If you’ve seen Fear and Loathing in Las Vegas and think it is the trippiest movie ever, you ain’t seen nothing yet my friend.

Mandy opens with an extra-long intro for the cast members with faded colors and font fitted with retro music, heavily portraying a late 70s-early 80s vibes. Once you hear Reagan on the radio of Nick Cage’s bad ass bronco, you get an understanding of the time period it’s set in. Enjoy that though because it’s one of the only outside sources of information you will get in reference to this story.


It starts fairly slow, showcasing the romance between Nick Cage and his partner as they enjoy their life of solitude and peacefulness deep in the remote woods of a mining/lumber town. Nick’s lover Mandy, played by Andrea Riseborough, is depicted as an artist and lover of sci-fi novels. A cult leader happens to make eye contact with her as his crew of cult-worshiping weirdos pass by in their culty van. He immediately gains an infatuation and must have her.

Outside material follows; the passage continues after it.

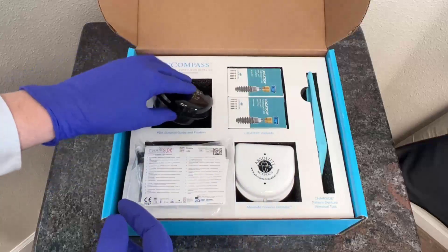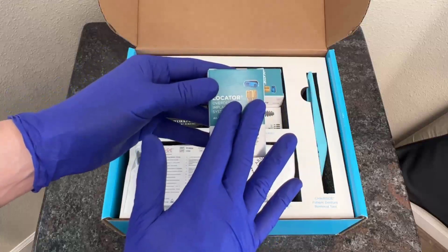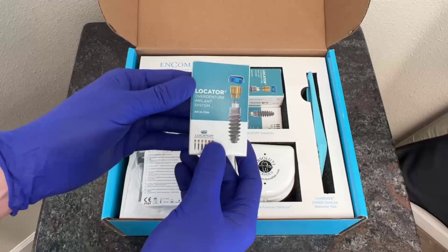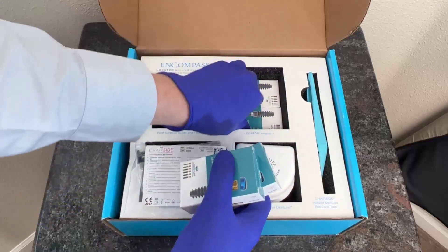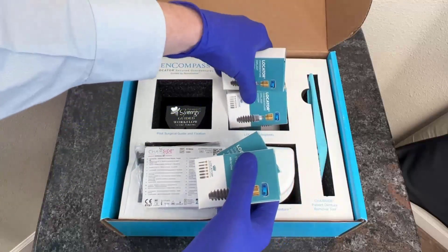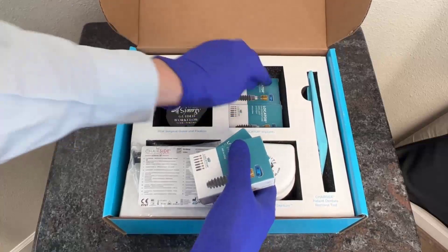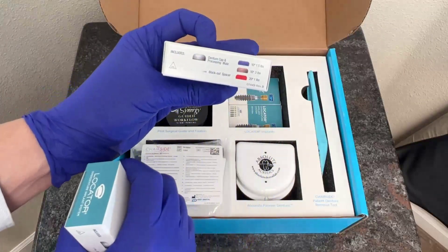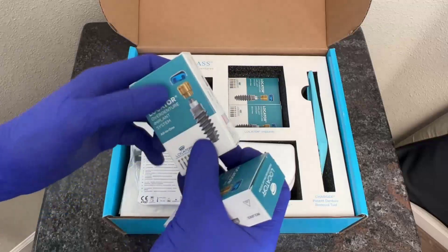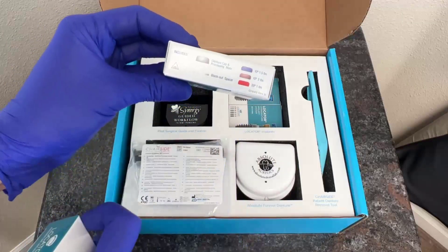The surgical plan also includes the dental implants. All of the dental implant sizes included in our Encompass box are already on the prescribed information sheet from Encompass, Absolute, and Navigation Synergy team. We'll see here that we have our four Locator Overdenture Implants here at the top of the box, ready to go ahead and be worked on the day of our implant procedure. Inside the box of this Locator Overdenture Implant system is also going to be everything that we need to process the denture — meaning pick up the housings within the day of surgery or at a prescribed later date. Inside, I've got the implant as well as the denture processing insert or the housing, blockout spacer, and three different retention inserts.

I won’t go any further as to exactly what happens next but I will say, at the heart of this movie it is your classic revenge story. Mandy does an excellent job of depicting a retro grind-house style vengeance movie. From burning characters alive, axe slaughtering, skull crushing and even a chainsaw duel, Mandy doesn’t hold back on emphasizing creatively with gore. Other than being outrageously trippy, the main gripe I had with this movie was the way Nick took vengeance on his enemies. Don’t get me wrong, he got very creative in his elimination tactics but I am under the belief that a great revenge story needs more than justice, it needs eye-for-an-eye justice. The only way to execute that perfectly is to do worse to your enemy than they did to you and I just don’t feel that happened.


The best part of Mandy was surely the cinematography and score. This movie had light work that I have seldom seen done before and it was absolutely beautiful. The lights played perfectly with the retro horror and synth style soundtrack that was excellently used to emphasize the audience’s emotions. This entire movie was almost just a music video for Johann Johannsson’s music. Although it was simplistic and grounded in its premise, Mandy presented a truly science fiction theme to follow Mandy’s novel that was surprisingly well executed.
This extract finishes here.